## Data for the task:
[Start of Attachment]

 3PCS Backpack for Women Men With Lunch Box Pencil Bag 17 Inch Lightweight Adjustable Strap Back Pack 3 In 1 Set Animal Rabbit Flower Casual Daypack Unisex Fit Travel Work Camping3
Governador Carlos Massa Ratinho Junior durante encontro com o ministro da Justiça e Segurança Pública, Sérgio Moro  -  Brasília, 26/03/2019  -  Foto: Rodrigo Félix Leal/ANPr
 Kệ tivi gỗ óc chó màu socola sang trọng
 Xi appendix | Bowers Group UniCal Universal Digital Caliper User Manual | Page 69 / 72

[End of Attachment]
[Start of Attachment]

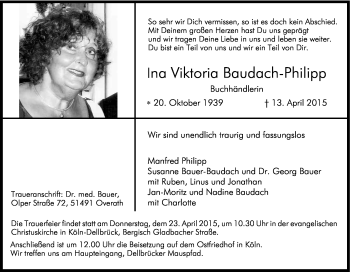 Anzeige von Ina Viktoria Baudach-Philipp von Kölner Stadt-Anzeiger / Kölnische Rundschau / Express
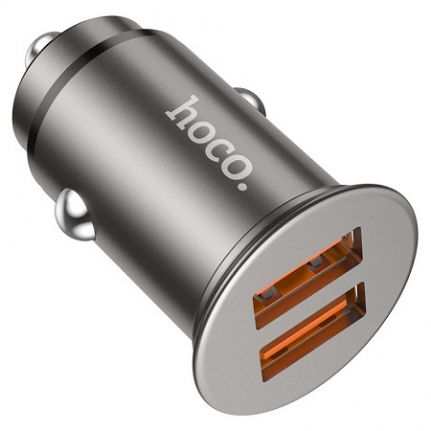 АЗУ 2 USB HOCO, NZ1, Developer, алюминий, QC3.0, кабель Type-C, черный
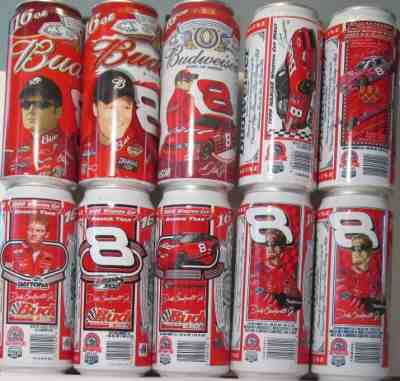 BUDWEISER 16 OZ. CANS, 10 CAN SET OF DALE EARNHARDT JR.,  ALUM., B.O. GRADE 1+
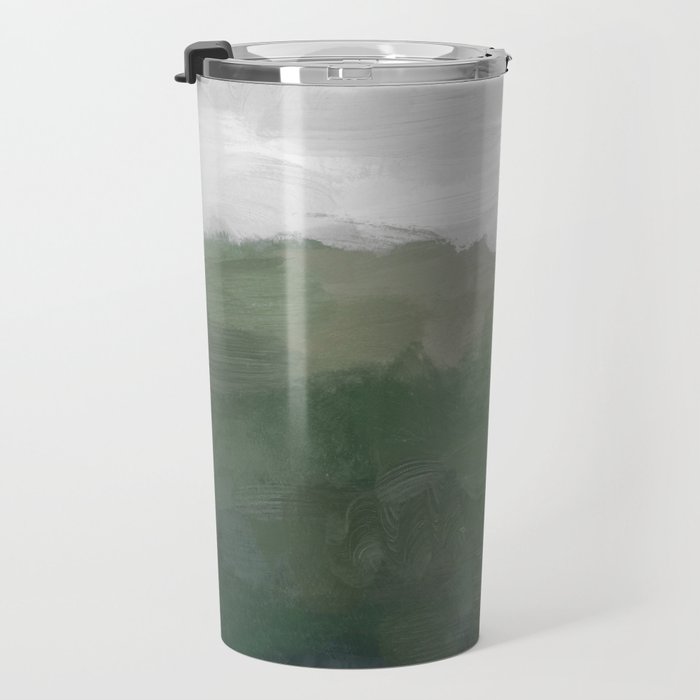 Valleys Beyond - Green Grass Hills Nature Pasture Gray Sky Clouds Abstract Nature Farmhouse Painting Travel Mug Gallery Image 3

[End of Attachment]

## Action item:
Beginning with the line holding "3PCS Backpack for" and ending with the line holding "Xi appendix |", write out the stretch of material above exactly; add no further lines.

## Answer area:
 3PCS Backpack for Women Men With Lunch Box Pencil Bag 17 Inch Lightweight Adjustable Strap Back Pack 3 In 1 Set Animal Rabbit Flower Casual Daypack Unisex Fit Travel Work Camping3
Governador Carlos Massa Ratinho Junior durante encontro com o ministro da Justiça e Segurança Pública, Sérgio Moro  -  Brasília, 26/03/2019  -  Foto: Rodrigo Félix Leal/ANPr
 Kệ tivi gỗ óc chó màu socola sang trọng
 Xi appendix | Bowers Group UniCal Universal Digital Caliper User Manual | Page 69 / 72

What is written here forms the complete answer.